Most backup software ISVs offer target-based deduplication in one form or another. In some cases, it is an extra application like PureDisk from Symantec and in other cases it is a plugin like CommVault, ITSM or the new ARCserve release. In all cases, it is packaged as a software option and does not include server or storage infrastructure. Contrast this with appliance-based solution like those from SEPATON that include hardware and storage.
When considering software-only solutions, the key question is the cost of ownership and management. Certainly using existing storage and/or servers may provide the lowest acquisition cost, but what does it mean for manageability? How do you ensure that you are getting the performance, scalability and reliability that you need? What happens when your environment grows and you need to add more capacity and/or performance? Typically, these questions are left to the end user and can be complex and costly to resolve.
Software-based solutions have an important place in the market. They work best in smaller locations with slower data growth and less stringent performance requirements. These end users typically have simpler environments and upgrade their backup hardware less frequently. They are less concerned about scalability and most focused on price. Software only solutions are ideal because they can be implemented cost effectively and can provide immediate disk savings through deduplication.
In contrast, larger environments have a more difficult time with the pure software approach. These data centers have more complex heterogeneous hardware and software. They also typically have backup environments that experience rapid growth. Implementing a software-only solution can be difficult since it will often involve implementing and managing multiple separate hardware and software products. The problem will get worse over time as the environment grows, forcing the customer to implement and manage even more hardware/software. Appliances like SEPATON’s S2100-ES2 benefits these environments since it automates provisioning, managing, and performance optimization.

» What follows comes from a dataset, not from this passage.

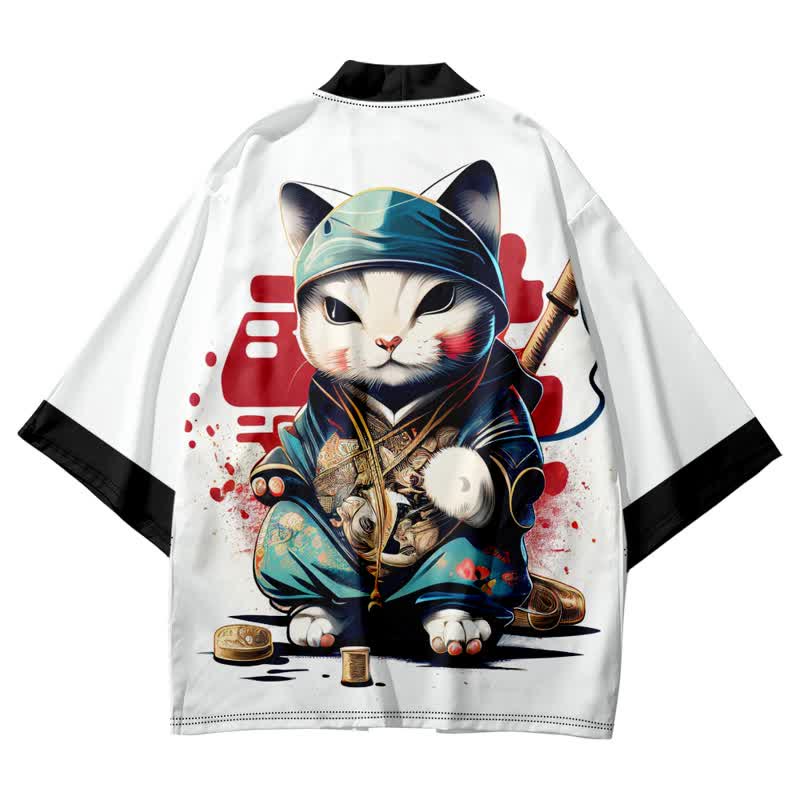 Cute Cat Warriors Print Cardigan Kimono Outerwear modakawa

In summary, pure software-based deduplication solutions are ideal for smaller environments. They can benefit from the savings in $/GB while minimizing the cost and complexity of management and growth. Large enterprises will have a more difficult time with software-only solutions since they introduce a substantial additional management burden, which will reduce cost savings. These larger companies are better served to pursue an appliance approach which provides the simplicity they need to manage hundreds of terabytes.